SCHENECTADY — As the moon had its moment in the sun Monday, Capital Region residents turned their eyes skyward, most of them protected by what vaguely resembled 3-D glasses or, in some cases, empty cereal boxes.
Across the United States, people stopped what they were doing to witness a solar eclipse, which completely blocked out the sun in some parts of the country. It was the first eclipse to stretch coast to coast in nearly a century.
In the Capital Region, community and educational centers hosted viewing parties, giving attendees a chance to see the moon covering roughly two-thirds of the sun. At Schenectady’s Museum of Innovation and Science, or miSci, more than 1,000 people, many of them families, packed the lawn, back patio and parking lot to take in the rare astronomical event in a community setting.
“Some people say ‘people aren’t interested in science,’ but they haven’t seen these crowds,” said Mac Sudduth, president of miSci.
Visitors began arriving about 11 a.m. By 1 p.m., traffic backed up from the entrance on Nott Terrace to the intersection at Franklin Street a couple of blocks away. Cars were diverted to a pair of nearby churches for overflow parking.
By 1:30 p.m., the eclipse had just begun but the event was in full swing. Close to 1,000 people had already arrived, with a few hundred more expected to filter in, making it the museum's most attended event in memory, Sudduth said.
Visitors lined up to look through telescopes equipped with special lenses. Museum volunteers walked around with special eclipse glasses, allowing those who didn’t purchase their own to borrow a pair and steal a glance toward the sky.
“You can take part in it and you don’t have to be an expert or a Ph.D. to enjoy science,” miSci astronomer Valerie Rapson said when asked to explain the eclipse’s popularity.
In recent weeks, the museum sold about 5,000 pairs of the specialty glasses, which allowed users to safely look up at the sun during the eclipse.
Allyn Writesel, from Altamont, said she acquired a pair of the glasses during a miSci event on senior day a few weeks ago. She returned to the museum a couple of weeks ago to buy a few additional pairs for her kids to use on the big day, she said, adding she thought so many people were excited by the eclipse because of its rarity.
Eclipse glasses were hard to come by at events around the region, as most had sold out by the time Monday rolled around.
Siena College’s viewing party went on without the specialty eyewear, after the vendor alerted them Friday that they couldn’t independently verify that the glasses were up to standards for watching the eclipse.
The college disposed of the glasses, and instead offered specialty telescopes and other methods of watching the event, spokeswoman Lisa Witkowski said.
Many who couldn’t get their hands on a pair of the specialty glasses resorted to more creative means.
The crowd at miSci was dotted with adults and kids alike carrying empty Cheerios, Frosted Cheerios, Honey Nut Cheerios and Rice Krispies boxes, among other brand names.

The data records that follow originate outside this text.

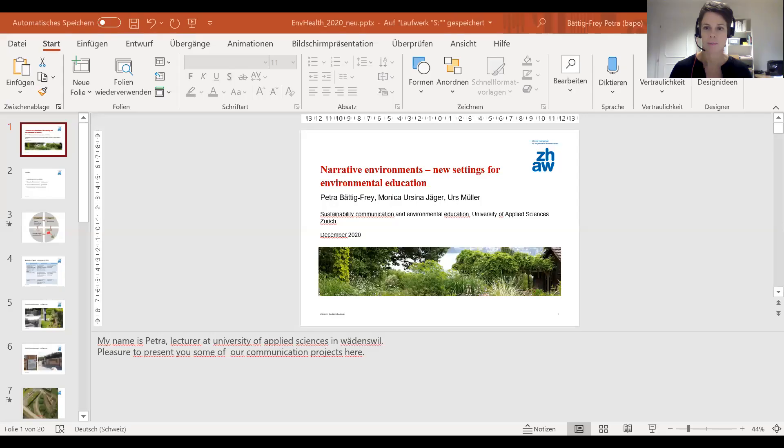Good evening everybody, or good morning. My name is Petra Batik Frey and I'm a lecturer at the University of Applied Sciences in Zurich in Badenswil, and it's really a great pleasure to be here today and to present some of our work. I would like to share my screen with you now so that you can see my presentation.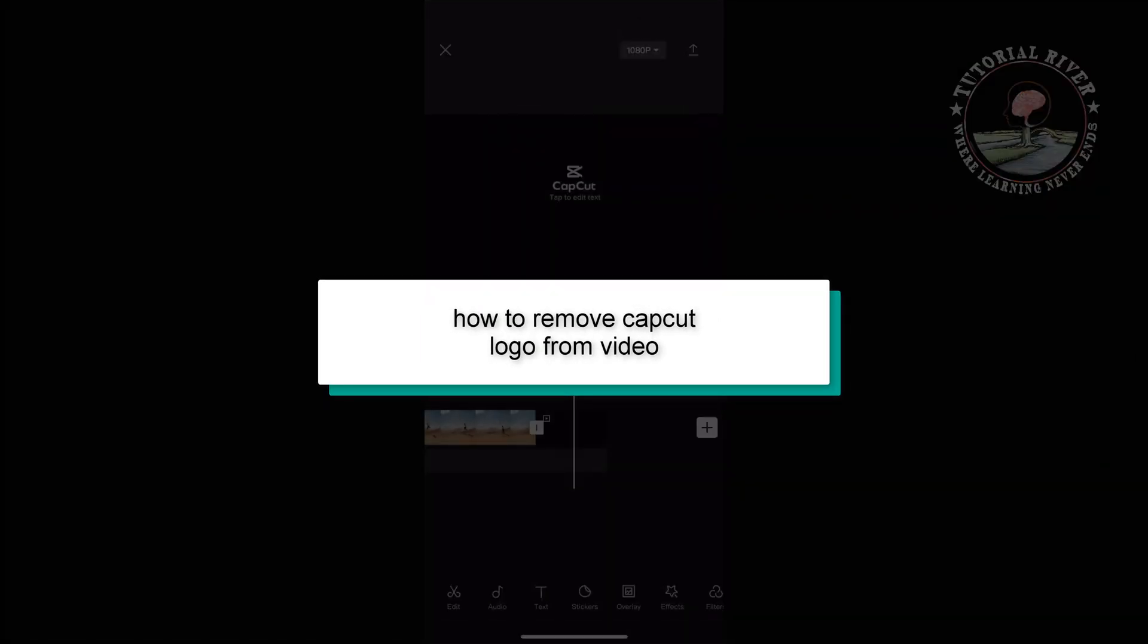This Tutorial River will show you how to remove the CapCut logo from your video.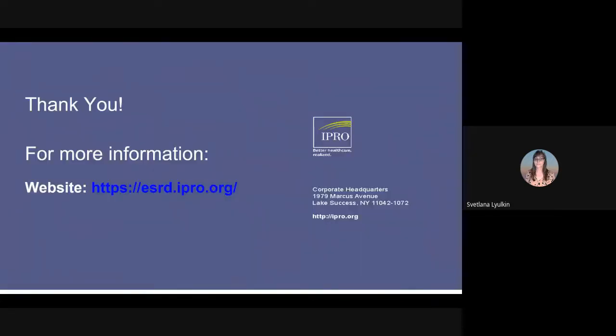This concludes our training on how facilities can improve EQRS data submission compliance. Thank you for watching.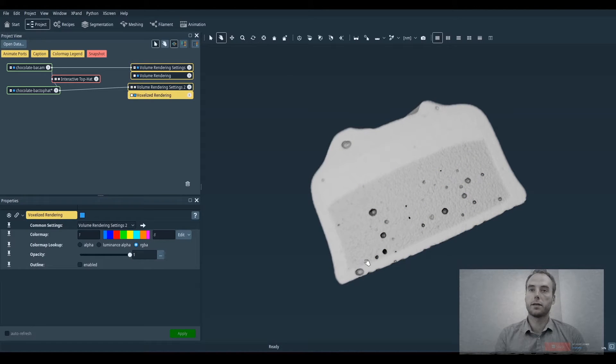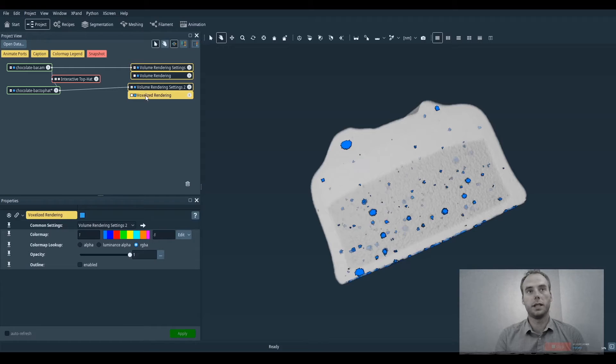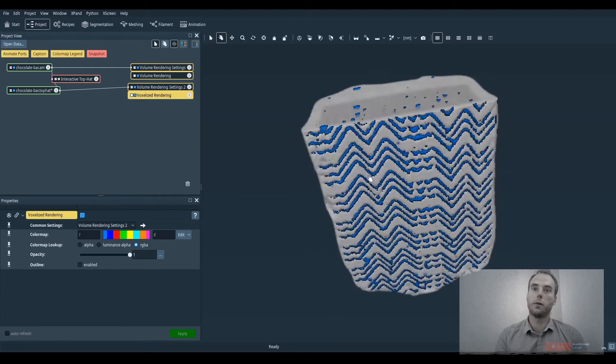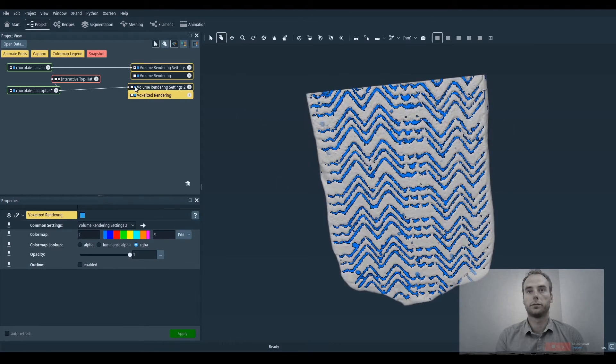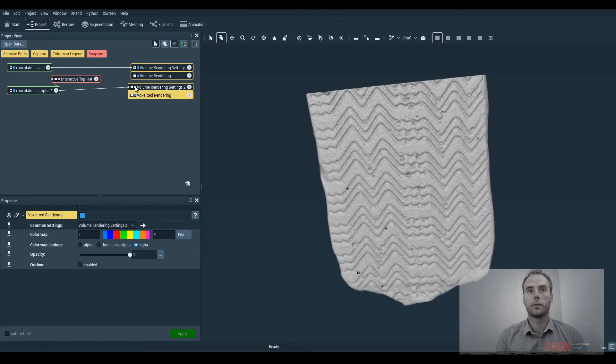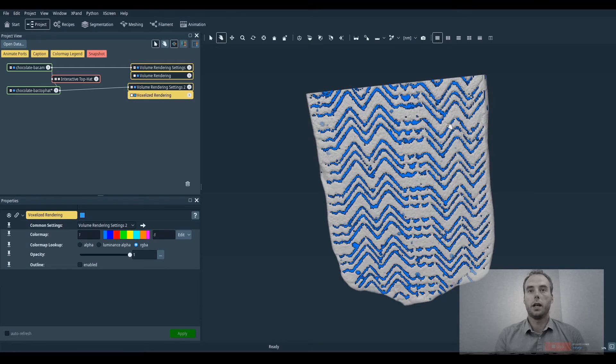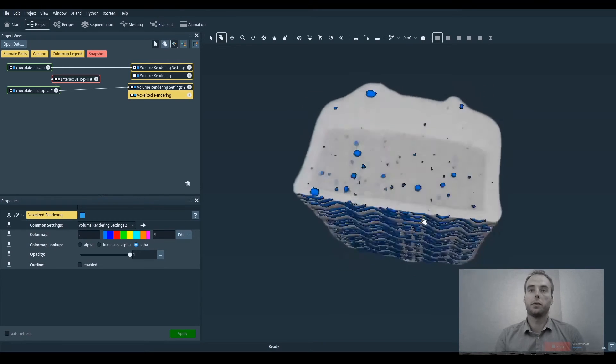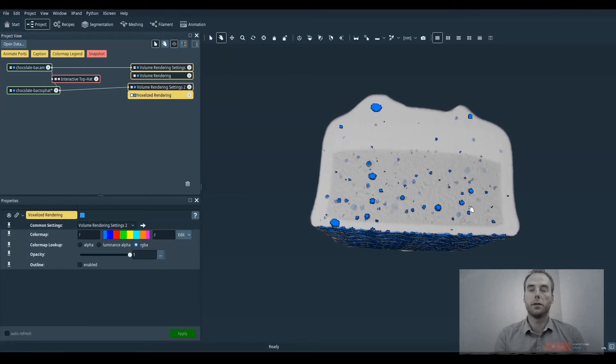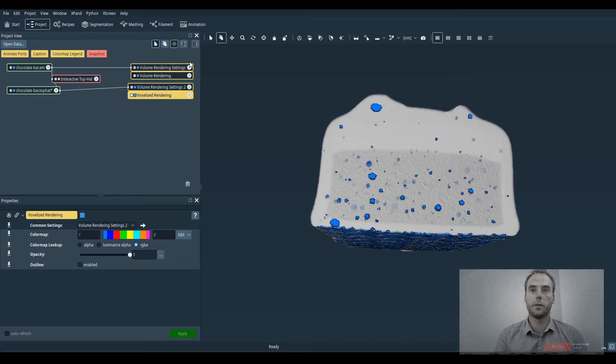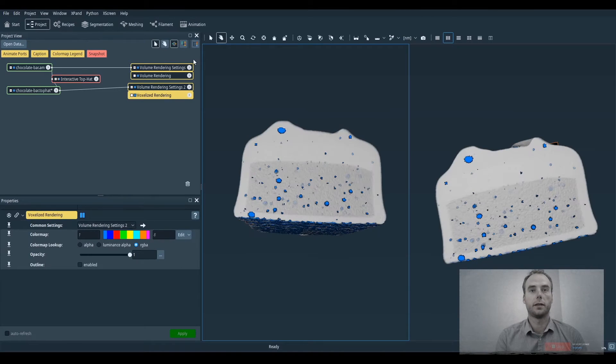Because of that we can say that this result isn't exactly what we really want. And right now we are going to improve this result by using the interactive top hat by reconstruction module instead.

They had fashioned eclipse viewers at home using the empty box, some tape and some tinfoil, which when done correctly created a pinhole projector.
Olympia and Roark Frisoni, ages 11 and 8, respectively, came equipped with homemade eclipse viewer. Olympia said it took them about 20 minutes to create theirs, including time to decorate the outside of the box. The siblings, from Scotia, were excited to take in the event, saying they’d never seen such a thing before.
Patricia Barbanell, a retired Schenectady teacher who lives in North Bethlehem, recalled witnessing a total eclipse during her childhood in rural Connecticut. Her father, an engineer, brought home welders' masks to view it through, she said.
On Monday, she and her husband wanted to experience the eclipse along with the rest of the community, so they staked out a bench on the back patio at miSci.
“It’s fun to watch the kids experience the wonder of it,” she said. “It’s a unique experience, and for some people it’s the only time we’ll get to see it.”
The gathering at miSci resembled a neighborhood block party at times, with families mingling, laying out blankets and chairs and unpacking snacks and juice boxes.
A specialty playlist lingered in the background, made up of eclipse and star-themed songs like Bonnie Tyler’s “Total Eclipse of the Heart,” Coldplay’s “A Sky Full of Stars” and Carly Simon’s “You’re So Vain.”
The eclipse came and went in about 90 minutes, but those who missed it or immediately craved an encore will only have to wait seven years.
The next eclipse will take place in April 2024. Whereas 2017’s eclipse only featured about 70 percent coverage in the Capital Region, area residents will witness about 99 percent coverage in 2024, Sudduth said. A total eclipse will be visible from just a couple of hours away, he said.
“Astronomy events in particular, they work like clockwork, so we can predict them,” Sudduth said. “Lately, there are so many people who express doubts about good, solid science, but they don’t question the eclipse or say the eclipse is a hoax."